Undaunted by lawsuits challenging its authority to regulate greenhouse gas emissions from stationary sources, EPA administrator Lisa Jackson maintains the agency's approach to today's environmental issues is the right one.
We have restored the rightful place of science as the first factor in all of our decisions, Jackson said in a March 8 address to the National Press Club in Washington. We have taken long-overdue action on climate change, built on the historic finding that greenhouse gas pollution endangers public health and welfare.
The Environmental Protection Agency based its climate change initiative on its finding in December that six greenhouse gases threaten the public health and welfare of current and future generations, and therefore need to be regulated under the Clean Air Act.
But, four separate lawsuits filed last month in the U.S. Court of Appeals for the District of Columbia by the state of Texas, the U.S. Chamber of Commerce, several conservative think tanks, and 12 Republican congressmen and a coalition of 17 associations and businesses, including the National Association of Manufacturers challenged EPA's authority to regulate greenhouse gases from stationary sources.

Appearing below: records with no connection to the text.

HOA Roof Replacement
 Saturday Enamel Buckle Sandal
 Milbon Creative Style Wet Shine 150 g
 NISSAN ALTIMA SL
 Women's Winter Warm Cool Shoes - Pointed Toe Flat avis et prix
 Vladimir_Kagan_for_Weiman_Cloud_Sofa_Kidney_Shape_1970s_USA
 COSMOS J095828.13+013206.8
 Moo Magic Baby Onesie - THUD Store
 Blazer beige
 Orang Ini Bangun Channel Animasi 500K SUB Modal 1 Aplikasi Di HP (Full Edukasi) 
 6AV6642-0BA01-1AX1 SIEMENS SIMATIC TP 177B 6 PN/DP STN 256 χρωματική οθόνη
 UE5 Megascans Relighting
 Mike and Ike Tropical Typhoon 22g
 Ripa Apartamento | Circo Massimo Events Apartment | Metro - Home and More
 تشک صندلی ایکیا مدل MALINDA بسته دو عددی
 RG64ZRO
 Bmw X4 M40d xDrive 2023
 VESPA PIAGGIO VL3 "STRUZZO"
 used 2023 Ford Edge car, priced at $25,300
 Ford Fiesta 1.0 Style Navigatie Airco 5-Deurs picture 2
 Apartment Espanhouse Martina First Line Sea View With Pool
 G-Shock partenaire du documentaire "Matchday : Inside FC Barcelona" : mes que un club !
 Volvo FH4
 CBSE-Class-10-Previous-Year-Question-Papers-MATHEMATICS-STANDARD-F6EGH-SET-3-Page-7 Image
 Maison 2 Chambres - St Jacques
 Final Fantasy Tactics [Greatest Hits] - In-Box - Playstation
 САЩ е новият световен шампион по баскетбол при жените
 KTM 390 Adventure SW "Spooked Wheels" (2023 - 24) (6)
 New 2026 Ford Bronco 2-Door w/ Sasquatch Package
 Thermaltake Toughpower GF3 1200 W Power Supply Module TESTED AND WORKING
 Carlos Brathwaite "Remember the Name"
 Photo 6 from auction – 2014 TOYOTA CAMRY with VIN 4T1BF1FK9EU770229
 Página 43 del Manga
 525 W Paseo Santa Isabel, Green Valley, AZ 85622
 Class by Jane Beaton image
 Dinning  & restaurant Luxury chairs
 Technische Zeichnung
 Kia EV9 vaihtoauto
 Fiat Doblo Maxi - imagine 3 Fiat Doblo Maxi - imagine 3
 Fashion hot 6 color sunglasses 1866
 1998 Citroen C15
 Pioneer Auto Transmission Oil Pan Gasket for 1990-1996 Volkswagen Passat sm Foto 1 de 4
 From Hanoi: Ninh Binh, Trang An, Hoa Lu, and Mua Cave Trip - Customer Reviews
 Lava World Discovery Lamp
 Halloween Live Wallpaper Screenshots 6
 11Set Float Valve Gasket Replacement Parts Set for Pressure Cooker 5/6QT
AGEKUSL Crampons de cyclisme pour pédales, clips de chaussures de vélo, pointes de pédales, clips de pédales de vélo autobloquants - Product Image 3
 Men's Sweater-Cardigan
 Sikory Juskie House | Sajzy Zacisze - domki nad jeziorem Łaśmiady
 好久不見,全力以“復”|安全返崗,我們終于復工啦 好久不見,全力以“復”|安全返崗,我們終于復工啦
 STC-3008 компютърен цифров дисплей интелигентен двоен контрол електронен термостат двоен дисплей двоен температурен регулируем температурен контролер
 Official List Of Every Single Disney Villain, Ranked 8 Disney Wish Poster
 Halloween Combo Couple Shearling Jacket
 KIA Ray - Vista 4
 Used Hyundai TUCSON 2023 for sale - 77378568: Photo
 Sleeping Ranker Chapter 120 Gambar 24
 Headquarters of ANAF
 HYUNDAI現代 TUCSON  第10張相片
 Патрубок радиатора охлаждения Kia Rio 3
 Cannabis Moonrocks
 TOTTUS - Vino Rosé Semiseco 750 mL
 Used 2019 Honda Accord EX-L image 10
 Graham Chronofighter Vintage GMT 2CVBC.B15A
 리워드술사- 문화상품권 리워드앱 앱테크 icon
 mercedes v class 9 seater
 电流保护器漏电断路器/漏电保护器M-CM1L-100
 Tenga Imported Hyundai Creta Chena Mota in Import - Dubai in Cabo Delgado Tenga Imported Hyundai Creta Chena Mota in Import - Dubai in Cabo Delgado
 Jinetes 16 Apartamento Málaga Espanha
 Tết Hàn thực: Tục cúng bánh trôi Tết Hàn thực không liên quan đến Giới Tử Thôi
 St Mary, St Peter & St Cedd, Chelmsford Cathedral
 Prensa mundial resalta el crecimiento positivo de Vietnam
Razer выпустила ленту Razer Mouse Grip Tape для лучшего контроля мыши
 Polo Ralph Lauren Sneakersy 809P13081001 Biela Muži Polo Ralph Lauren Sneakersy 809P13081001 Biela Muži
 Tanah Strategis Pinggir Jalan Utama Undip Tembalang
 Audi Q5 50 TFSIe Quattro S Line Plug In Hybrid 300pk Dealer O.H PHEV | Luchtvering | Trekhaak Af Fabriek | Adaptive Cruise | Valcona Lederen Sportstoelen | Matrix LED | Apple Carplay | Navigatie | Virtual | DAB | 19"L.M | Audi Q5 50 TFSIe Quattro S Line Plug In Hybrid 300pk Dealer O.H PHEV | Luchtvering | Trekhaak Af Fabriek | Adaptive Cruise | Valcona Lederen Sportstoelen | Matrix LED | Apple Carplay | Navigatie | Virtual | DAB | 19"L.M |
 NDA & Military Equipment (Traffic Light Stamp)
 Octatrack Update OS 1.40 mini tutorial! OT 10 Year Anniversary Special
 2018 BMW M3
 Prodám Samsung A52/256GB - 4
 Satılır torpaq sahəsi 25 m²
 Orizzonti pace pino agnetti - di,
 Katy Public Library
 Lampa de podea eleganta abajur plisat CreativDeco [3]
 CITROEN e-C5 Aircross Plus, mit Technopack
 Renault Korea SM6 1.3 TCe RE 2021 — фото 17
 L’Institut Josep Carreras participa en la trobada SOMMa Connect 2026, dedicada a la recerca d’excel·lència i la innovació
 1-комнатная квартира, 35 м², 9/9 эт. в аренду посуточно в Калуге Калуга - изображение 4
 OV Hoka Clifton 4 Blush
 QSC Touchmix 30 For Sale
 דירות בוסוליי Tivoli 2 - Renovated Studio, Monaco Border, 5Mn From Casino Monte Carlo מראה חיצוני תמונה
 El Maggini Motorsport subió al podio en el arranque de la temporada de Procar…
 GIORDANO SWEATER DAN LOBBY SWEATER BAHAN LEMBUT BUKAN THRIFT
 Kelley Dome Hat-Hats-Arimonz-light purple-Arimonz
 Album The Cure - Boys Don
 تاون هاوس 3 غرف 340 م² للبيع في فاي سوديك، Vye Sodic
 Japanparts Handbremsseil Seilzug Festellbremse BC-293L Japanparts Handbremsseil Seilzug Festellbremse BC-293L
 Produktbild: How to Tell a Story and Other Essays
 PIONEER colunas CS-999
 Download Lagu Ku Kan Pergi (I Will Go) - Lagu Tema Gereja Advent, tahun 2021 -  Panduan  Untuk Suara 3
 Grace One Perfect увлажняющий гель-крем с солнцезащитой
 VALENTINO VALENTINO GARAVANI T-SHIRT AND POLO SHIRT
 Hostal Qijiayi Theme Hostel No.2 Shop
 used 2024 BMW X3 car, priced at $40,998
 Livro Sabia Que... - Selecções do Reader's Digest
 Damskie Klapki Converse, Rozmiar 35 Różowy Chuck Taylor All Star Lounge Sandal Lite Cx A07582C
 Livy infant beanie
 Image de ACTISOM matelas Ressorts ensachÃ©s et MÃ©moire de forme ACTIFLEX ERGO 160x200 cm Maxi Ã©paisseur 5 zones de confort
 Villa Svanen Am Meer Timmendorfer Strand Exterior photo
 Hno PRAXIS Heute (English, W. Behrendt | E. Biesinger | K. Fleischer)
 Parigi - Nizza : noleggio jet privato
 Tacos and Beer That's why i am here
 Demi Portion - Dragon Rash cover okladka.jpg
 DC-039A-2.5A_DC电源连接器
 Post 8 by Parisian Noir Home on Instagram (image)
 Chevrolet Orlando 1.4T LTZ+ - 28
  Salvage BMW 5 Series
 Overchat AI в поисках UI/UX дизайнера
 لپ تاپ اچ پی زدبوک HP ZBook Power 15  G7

Such regulations could trigger new permit requirements on more than 6 million stationary sources, including 200,000 manufacturing facilities, as well as affect the price and availability of feedstocks and fuel for chemicals and plastics companies.
But, Jackson said, there is no need to see a healthy environment as a detriment to a growing economy. As an environmental advocate, Jackson said she has often encountered that misconception.
For 20 years, I've seen meaningful environmental efforts met time and again with predictions of lost jobs and lost revenue, she said. Lobbyists and business journals have done such a good job of engraining it into our way of thinking that many of us believe, sadly, that we must choose between our environment and our economy. I'm here to show you today that the choice between the environment and the economy is indeed a false choice.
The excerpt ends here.